Howard Hadfield was handsome and popular and had a great future in front of him. He had married in 1940 when aged 19 and a career in the family transport business beckoned, but he joined the RAF as war raged.
He trained in South Africa as a Sergeant-Observer, but transferred to the bomb-aimers section and returned to England at Christmas 1942. He joined 620 Squadron of the Royal Air Force Volunteer Reserve and on Monday, 26th July 1943, he flew from Chedburgh, Suffolk, in a Mark I Stirling on a mission to Essen
His aircraft was shot down over Holland by Major Werner Streib, known as the father of the German night fighters. The plane crashed at 00.28 hours on farmland owned by the Bekx family, at Lieshout in the Noord-Brabant province.
Of the seven crew of the Stirling, five died that night — Sgt J R G McDonald, RCAF, Sgt G Jones, Sgt J B Lamont, Sgt H Hadfield and Sgt J McLauchlan.
The first mentioned was Joseph Roderick Gerald McDonald from Kindersley, Saskatchewan and the McDonald Falls in Northern Saskatchewan are named in his memory. Sgts C H Mutton and J Daly bailed out and became prisoners of war, the former at Stalag Muhlberg and the latter at Stalag Moosburg.
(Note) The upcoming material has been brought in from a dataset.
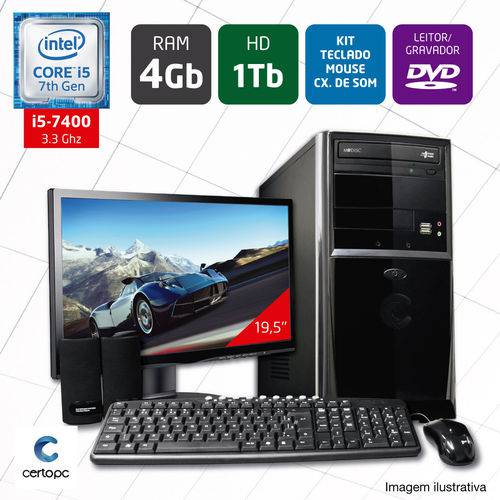 Computador + Monitor 19,5’’ Intel Core I5 7ª Ger 4GB HD 1TB DVD Certo PC SELECT 027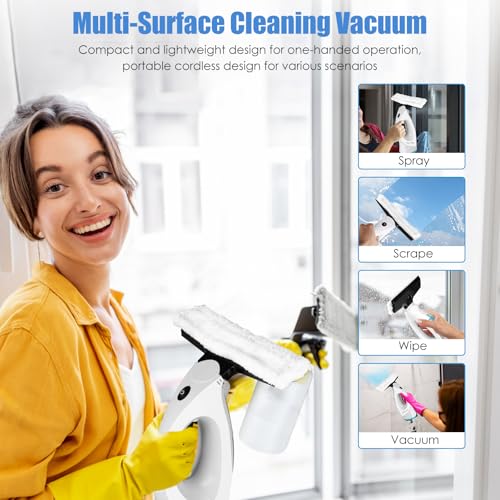 Image of Window Vacuum Squeegee, Rechargeable Window Vac, 4 in 1 Cordless Window Vacuum Cleaner, Electric Window Cleaning Tool for Windows, Shower Doors, Mirrors, Tiles, Water Tank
Howard’s wife remarried and the family firm is now Hadfield Transport Ltd. Above is a photo of his grave at Woesnel, Eindhoven, taken many years ago.
He was sorely missed by my mum and nana and the rest of their family and I remember them speaking of him often. It is a reminder that the dead are not the only victims of war, but also those they leave behind.